------ INFORMATION SUPPLIED

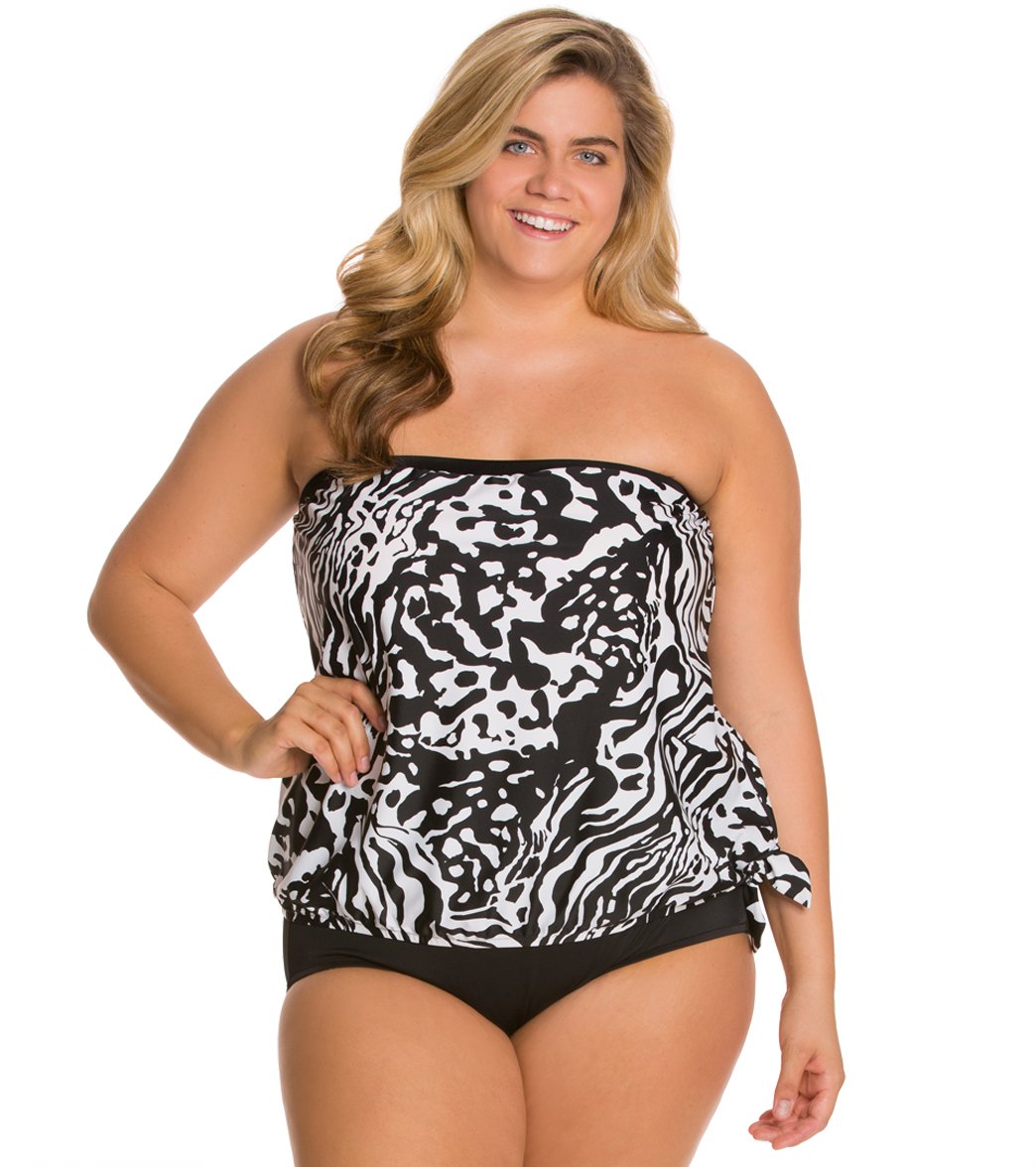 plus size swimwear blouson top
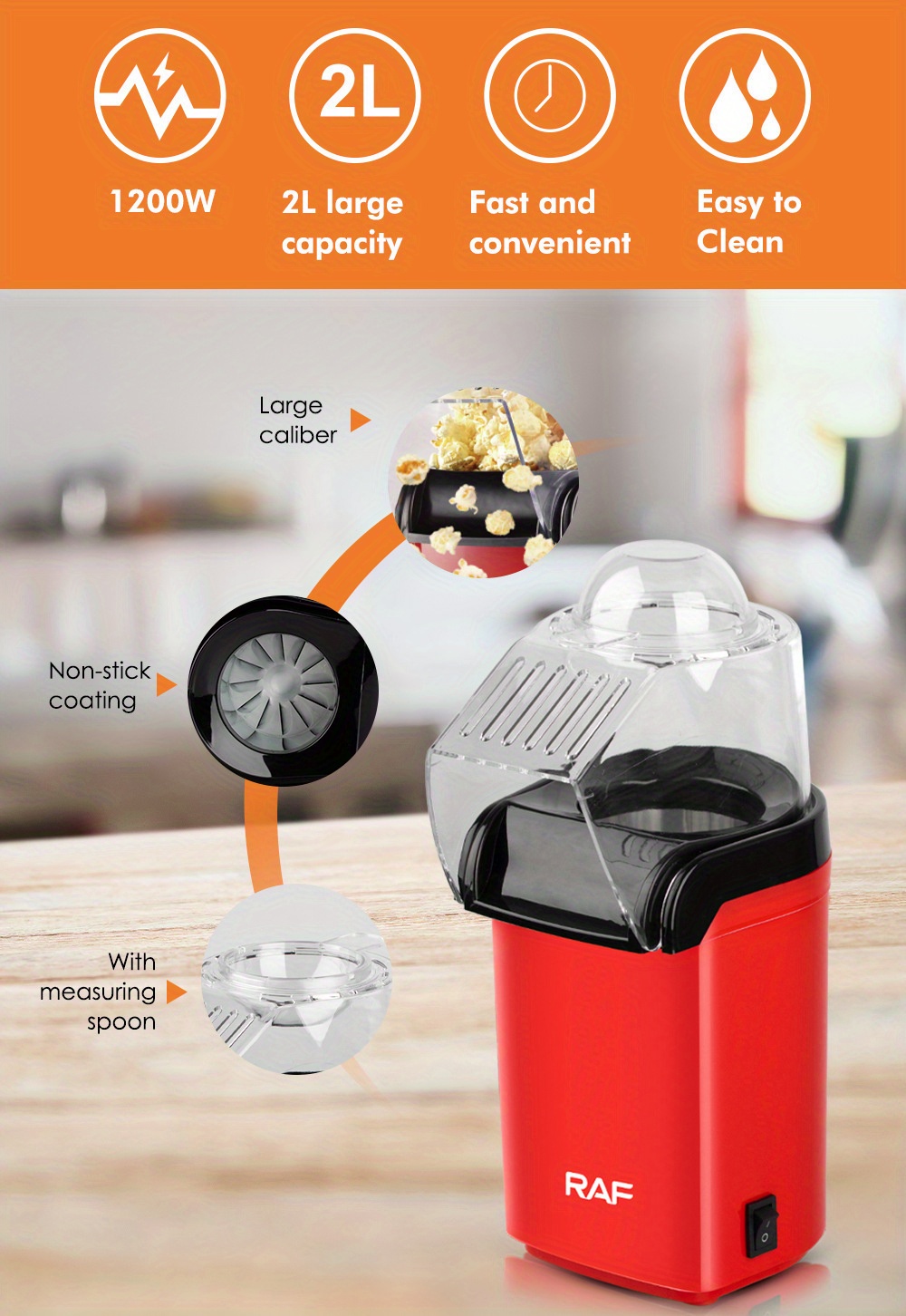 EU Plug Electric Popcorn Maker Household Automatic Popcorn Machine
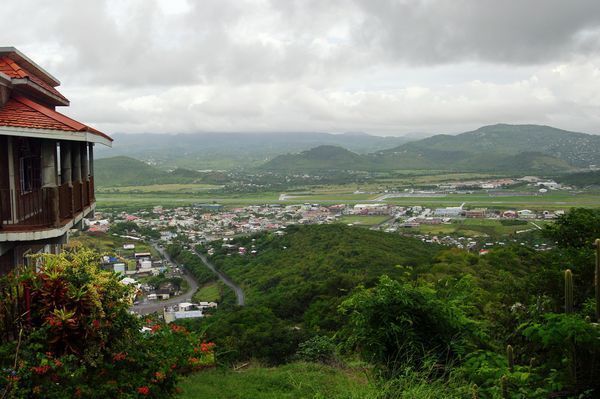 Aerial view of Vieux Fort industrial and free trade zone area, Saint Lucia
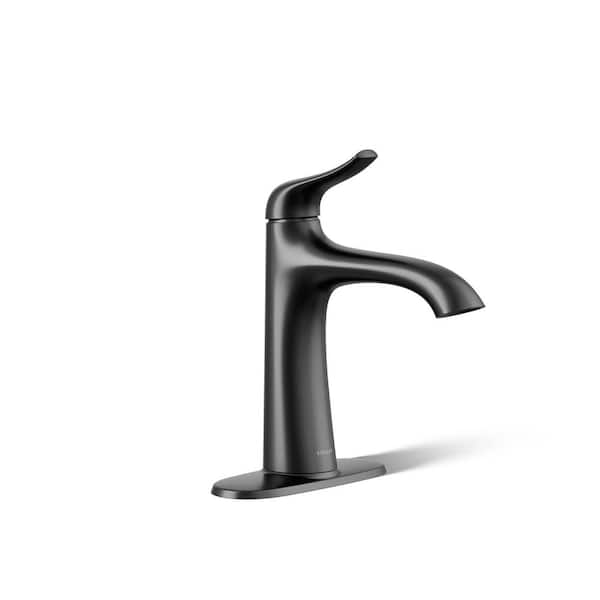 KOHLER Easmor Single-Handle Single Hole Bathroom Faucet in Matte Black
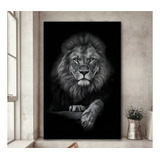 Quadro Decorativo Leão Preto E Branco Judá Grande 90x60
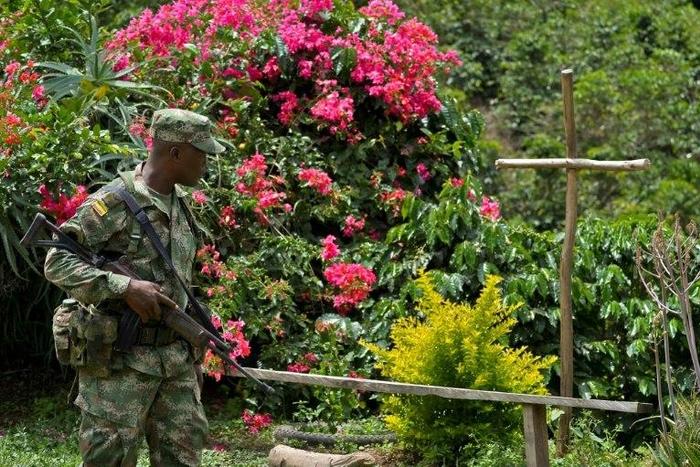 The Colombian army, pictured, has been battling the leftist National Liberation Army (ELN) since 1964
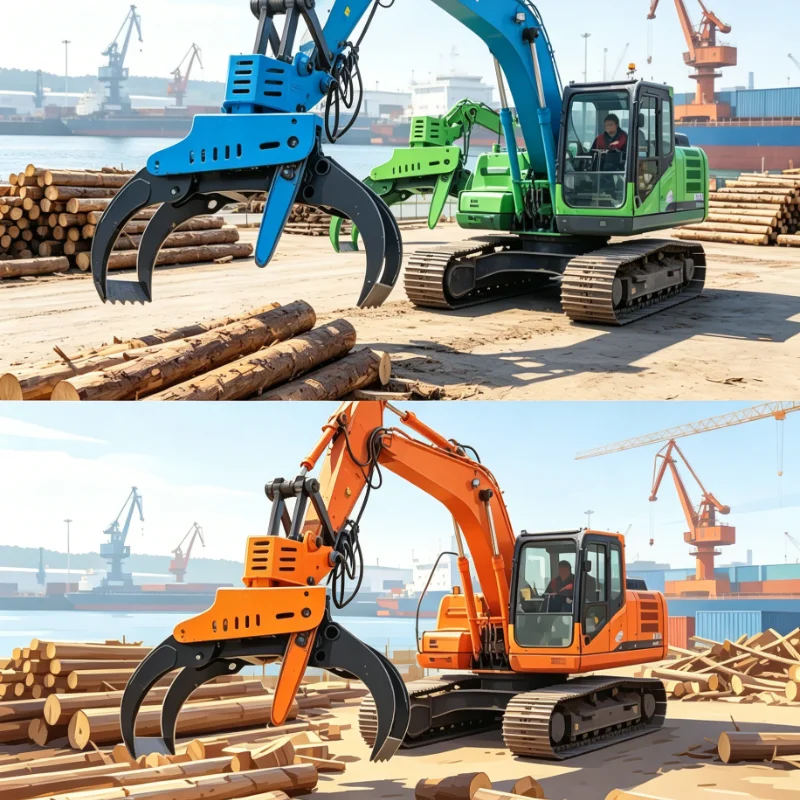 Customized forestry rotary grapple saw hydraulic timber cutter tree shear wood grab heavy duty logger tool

------------

**PROBLEM DESCRIPTION:** Print the listing above in full, exactly as written. Omit any pictures.

**YOUR SOLUTION:**
 plus size swimwear blouson top
 EU Plug Electric Popcorn Maker Household Automatic Popcorn Machine
 Aerial view of Vieux Fort industrial and free trade zone area, Saint Lucia
 KOHLER Easmor Single-Handle Single Hole Bathroom Faucet in Matte Black
 Quadro Decorativo Leão Preto E Branco Judá Grande 90x60
 The Colombian army, pictured, has been battling the leftist National Liberation Army (ELN) since 1964
 Customized forestry rotary grapple saw hydraulic timber cutter tree shear wood grab heavy duty logger tool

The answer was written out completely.